L’espace vente proposait un choix assez large de goodies en rapport avec le cinéma. Des DVD et Blu-rays bien sûr, dont L’attaque des crabes géants disposant toujours de l’étiquette jaune Noze à 99 centimes et que l’on tentait de me vendre à 5 € (bien tenté, mais je vois que l’on a les mêmes fournisseurs cher ami vendeur). Une multitude d’affiches de films officielles particulièrement bien protégées sous plastique, et bien entendu tout un tas de figurines attrape poussière qui fait le bonheur des collectionneurs.

Les artistes placés en face des boutiques peuvent présenter leurs nouveaux ouvrages pour les auteurs, tandis que les illustrateurs peuvent afficher leurs créations de façon à attirer le chaland. Il est, en effet, plus difficile de mettre en avant visuellement un roman qu’une illustration, il faut donc tendre l’oreille et écouter les discussions pour découvrir la nouvelle pépite à lire au coin du feu.

Les expositions aux étages sont assez peu fréquentées malgré de très belles propositions. La sélection photographique présentée dans la médiathèque affichait des clichés magnifiques qui s’accordaient parfaitement au thème du festival. Tandis que celles sur les dessins au premier étage était quasiment exempte de visiteurs, sans doute à cause de l’odeur particulièrement nauséabonde qui régnait à cet étage.

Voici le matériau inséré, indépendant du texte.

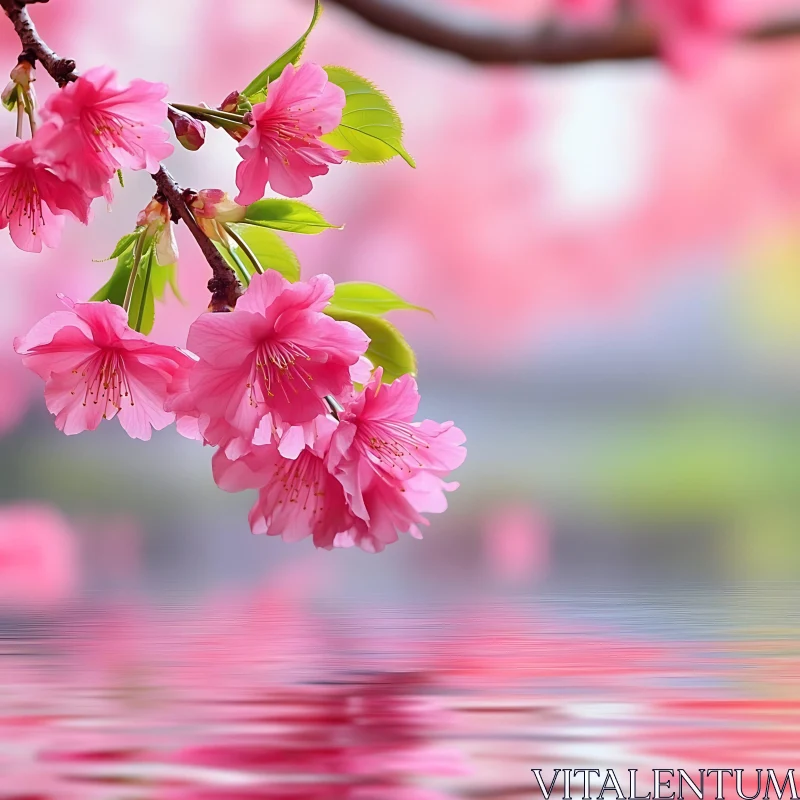 Pink Cherry Blossoms Over Water AI Image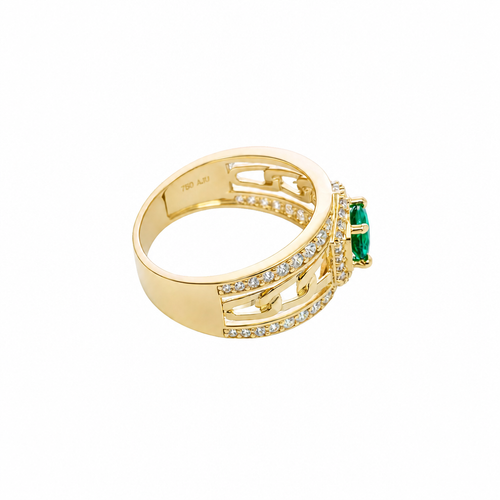14KT Gold Ring Men's Hexagon Green CZ Round Center Stone White CZ Stone Border and Miami Link Band with Single Row White CZ Stones Border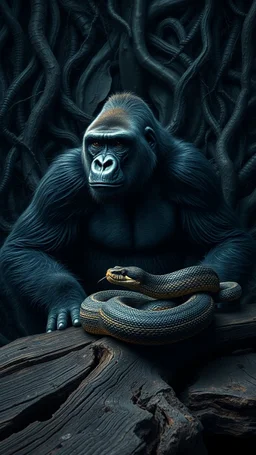 A gorilla in the background of black vein, human veins, mixing together a lot of them, like a forest, big and small veins a lot of them, an army a snake on an old broken wooden table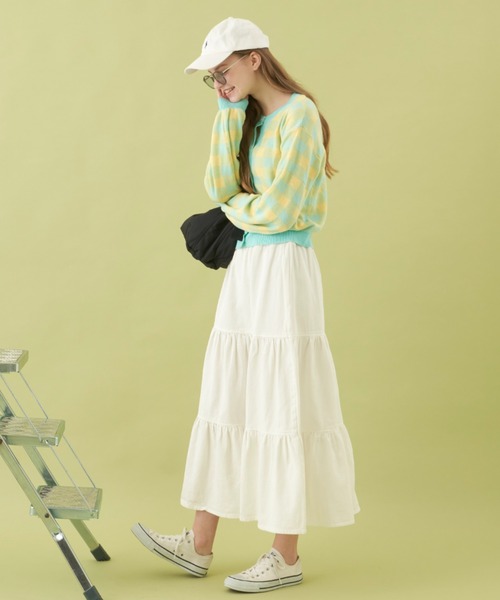 MERLOT（メルロー）の「柔らかい肌触り　ギンガムチェックカーディガン（カーディガン/ボレロ・レディース・レッド/ライトブルー・FREE）」の13枚目の写真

Les quelques autres expositions prenant place à d’autres lieux de la ville souffraient malheureusement d’horaires complètement faux sur le site et la documentation du festival (au fait, je vous ai dit que leur communication était toute naze ?). 

Ainsi, l’exposition à la villa Monplaisir annoncée de 10 h à 18 h était en réalité fermée entre midi et 14 h. Nous avions trouvé un créneau adapté pour nous y rendre entre deux séances, nous sommes finalement repartis un peu déçu de découvrir les vrais horaires sur la porte et de ne pouvoir la visiter.

Constat presque identique pour l’exposition d’animatroniques à la mairie. Affichée ouverte de 13 h à 16 h, nous attendions toujours à 13 h 15 dans ce hall de mairie sentant fort le cigarillo (un espace non-fumeur, il parait). Nous avons par chance pu découvrir celle-ci en repassant un peu plus tard, notre agenda ayant un autre (tout petit) temps disponible. Proposant un univers plus fantastique qu’horrifique, ce petit vent de magie était un vrai plaisir à voir bouger et s’animer.

En bref, plein de belles initiatives malheureusement mal mises en avant par l’organisation et la communication du festival.

Attraction bonus

Vous ne connaissez sans doute pas l’attraction la plus secrète du festival, mais étant un homme généreux, je vais vous la révéler.

Armez-vous d’un bon sandwich et installez-vous confortablement sur le banc juste en face du grand hôtel et SPA. Situé juste en face de l’espace tilleul, c’est à celui-ci que sont logés les invités et qu’y sont invités les journalistes. Mais attention, ne croyez pas que vous êtes placés ici pour apercevoir Hazanavicious et lui crier “Monde de merde !”, non, vous êtes ici pour le spectacle des voituriers.

Toutes les deux minutes, une nouvelle voiture arrive sur cet espace banalisé pour le festival. Les véhicules partenaires (disposant d’un gros autocollant Festival de Gerardmer) peuvent y stationner en attendant leur prochaine mission, tandis que les autres sont durement chassées.
Les heureux élus, en attendant de prendre passagers, doivent respecter les consignes des gardiens de parking. “Gérard avance un peu”, “Dédé recule d’une place”, “Barbara serre-toi derrière la voiture blanche, euh non la noire, euh attends en fait, Jean-Pierre c’est qui la Volvo ?”. C’est tout un festival de quadra et quinquagénaire à l’accent des Vosges bien prononcé qui passe sont temps à déplacer les véhicules sans que l’on sache pourquoi. Nous avons supposé à un moment qu’ils organisaient les véhicules pour alterner les voitures blanches et les noires, mais un SUV un peu violet est venu casser notre théorie. 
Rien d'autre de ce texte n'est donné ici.